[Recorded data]

◇ ◇ ◇ ◇ ◇ ◇ ◇

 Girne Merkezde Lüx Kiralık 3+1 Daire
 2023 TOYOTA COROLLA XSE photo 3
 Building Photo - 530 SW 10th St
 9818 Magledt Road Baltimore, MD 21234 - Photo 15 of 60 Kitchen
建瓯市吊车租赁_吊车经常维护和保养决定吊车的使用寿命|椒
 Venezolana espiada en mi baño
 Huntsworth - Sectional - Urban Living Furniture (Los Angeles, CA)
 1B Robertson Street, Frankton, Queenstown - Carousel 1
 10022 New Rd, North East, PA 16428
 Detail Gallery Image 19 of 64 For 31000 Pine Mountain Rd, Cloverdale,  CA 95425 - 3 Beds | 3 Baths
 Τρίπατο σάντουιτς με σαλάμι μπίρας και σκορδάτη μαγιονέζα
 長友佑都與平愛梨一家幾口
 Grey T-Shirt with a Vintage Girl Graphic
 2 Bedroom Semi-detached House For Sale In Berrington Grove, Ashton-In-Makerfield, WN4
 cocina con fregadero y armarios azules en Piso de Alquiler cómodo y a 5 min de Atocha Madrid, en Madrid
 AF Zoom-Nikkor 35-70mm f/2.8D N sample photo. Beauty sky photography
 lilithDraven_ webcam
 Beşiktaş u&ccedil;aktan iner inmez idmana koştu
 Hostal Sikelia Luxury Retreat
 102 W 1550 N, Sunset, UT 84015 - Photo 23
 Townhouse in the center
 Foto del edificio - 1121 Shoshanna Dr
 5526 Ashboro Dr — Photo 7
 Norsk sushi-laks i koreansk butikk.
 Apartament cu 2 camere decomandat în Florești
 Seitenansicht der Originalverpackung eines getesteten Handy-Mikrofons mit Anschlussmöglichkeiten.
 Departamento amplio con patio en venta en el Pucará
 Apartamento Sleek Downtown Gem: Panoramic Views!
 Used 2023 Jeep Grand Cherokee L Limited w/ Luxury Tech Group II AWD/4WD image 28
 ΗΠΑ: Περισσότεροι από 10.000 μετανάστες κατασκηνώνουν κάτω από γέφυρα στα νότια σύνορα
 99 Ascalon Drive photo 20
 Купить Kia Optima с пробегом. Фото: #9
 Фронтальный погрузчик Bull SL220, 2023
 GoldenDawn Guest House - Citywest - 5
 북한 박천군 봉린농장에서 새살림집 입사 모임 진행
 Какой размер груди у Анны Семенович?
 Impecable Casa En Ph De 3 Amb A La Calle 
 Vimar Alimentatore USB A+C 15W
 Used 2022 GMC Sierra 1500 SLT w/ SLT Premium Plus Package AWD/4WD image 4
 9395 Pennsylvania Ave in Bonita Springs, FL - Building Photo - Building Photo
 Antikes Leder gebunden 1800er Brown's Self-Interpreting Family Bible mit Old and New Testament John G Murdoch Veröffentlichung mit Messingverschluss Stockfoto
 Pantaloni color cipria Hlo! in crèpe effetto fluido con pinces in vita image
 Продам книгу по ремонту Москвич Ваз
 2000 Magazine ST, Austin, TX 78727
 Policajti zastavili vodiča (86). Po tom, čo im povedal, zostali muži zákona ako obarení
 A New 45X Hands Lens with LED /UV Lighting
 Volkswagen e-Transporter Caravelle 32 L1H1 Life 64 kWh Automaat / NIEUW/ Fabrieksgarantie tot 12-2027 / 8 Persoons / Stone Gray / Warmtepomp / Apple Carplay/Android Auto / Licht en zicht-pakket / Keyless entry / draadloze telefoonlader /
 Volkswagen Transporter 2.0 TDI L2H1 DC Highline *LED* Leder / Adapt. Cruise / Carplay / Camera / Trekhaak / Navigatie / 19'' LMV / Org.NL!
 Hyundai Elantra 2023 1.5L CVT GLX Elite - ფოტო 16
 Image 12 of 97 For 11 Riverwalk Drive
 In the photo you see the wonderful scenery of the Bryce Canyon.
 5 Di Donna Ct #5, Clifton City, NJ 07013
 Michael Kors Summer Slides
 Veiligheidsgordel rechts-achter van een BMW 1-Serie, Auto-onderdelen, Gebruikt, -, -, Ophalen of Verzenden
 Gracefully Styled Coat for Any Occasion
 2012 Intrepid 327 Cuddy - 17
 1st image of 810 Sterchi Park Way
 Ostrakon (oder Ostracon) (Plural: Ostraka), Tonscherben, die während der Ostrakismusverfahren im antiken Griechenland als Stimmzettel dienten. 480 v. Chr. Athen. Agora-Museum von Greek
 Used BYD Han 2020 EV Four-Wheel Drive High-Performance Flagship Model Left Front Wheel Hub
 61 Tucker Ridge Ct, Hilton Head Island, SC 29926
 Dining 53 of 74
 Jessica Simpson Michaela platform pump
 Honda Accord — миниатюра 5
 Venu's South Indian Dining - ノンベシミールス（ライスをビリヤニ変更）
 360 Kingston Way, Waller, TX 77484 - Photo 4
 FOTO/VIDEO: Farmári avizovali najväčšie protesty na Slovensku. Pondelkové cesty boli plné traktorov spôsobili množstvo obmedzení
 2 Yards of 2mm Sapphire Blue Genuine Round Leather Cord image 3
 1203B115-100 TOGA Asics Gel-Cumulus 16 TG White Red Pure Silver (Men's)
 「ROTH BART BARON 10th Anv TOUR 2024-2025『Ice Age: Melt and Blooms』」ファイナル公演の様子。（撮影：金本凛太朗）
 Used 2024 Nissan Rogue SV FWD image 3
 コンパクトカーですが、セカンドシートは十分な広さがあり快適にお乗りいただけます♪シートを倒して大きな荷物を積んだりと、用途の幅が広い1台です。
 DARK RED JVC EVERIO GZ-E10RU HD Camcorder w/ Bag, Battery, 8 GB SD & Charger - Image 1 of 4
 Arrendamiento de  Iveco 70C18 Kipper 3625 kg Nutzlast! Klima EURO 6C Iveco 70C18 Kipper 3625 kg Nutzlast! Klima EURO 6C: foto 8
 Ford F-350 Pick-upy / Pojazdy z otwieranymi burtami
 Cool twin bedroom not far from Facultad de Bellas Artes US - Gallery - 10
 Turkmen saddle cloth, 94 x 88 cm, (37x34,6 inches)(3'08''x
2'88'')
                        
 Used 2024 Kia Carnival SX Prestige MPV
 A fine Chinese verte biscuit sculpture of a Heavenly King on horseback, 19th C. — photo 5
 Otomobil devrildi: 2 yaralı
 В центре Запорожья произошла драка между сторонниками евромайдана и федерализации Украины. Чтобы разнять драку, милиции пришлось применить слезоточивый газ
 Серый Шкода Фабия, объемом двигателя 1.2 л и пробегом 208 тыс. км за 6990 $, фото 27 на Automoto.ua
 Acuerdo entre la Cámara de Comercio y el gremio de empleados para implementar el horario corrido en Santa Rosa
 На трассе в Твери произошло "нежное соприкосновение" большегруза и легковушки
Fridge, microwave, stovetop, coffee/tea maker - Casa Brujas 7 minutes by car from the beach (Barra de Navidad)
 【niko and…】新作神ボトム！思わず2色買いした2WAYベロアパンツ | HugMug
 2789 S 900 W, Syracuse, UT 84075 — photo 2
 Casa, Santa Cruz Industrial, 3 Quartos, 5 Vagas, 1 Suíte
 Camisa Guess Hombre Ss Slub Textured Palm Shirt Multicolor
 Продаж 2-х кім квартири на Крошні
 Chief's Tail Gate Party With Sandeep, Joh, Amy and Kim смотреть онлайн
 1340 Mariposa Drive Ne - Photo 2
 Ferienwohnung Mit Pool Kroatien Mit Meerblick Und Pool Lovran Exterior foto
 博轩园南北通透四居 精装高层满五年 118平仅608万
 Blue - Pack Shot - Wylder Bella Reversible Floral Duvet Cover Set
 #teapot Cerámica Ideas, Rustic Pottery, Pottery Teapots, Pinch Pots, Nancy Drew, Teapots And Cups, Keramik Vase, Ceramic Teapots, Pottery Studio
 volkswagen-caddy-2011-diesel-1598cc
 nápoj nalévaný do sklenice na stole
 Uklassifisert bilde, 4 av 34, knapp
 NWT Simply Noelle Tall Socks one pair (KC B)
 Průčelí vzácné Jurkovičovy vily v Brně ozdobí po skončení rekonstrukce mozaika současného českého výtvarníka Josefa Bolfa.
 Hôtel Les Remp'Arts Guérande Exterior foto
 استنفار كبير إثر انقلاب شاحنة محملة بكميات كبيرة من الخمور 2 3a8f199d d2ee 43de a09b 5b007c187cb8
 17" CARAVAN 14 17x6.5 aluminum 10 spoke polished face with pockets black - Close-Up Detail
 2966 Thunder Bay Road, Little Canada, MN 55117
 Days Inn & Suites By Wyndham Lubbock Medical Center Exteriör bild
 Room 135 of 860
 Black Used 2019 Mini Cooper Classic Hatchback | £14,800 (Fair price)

◇ ◇ ◇ ◇ ◇ ◇ ◇

Required work — Identify the lines of the entries containing the string "Luxury". Copy each such line.

Answer space —
 Hostal Sikelia Luxury Retreat
 Used 2023 Jeep Grand Cherokee L Limited w/ Luxury Tech Group II AWD/4WD image 28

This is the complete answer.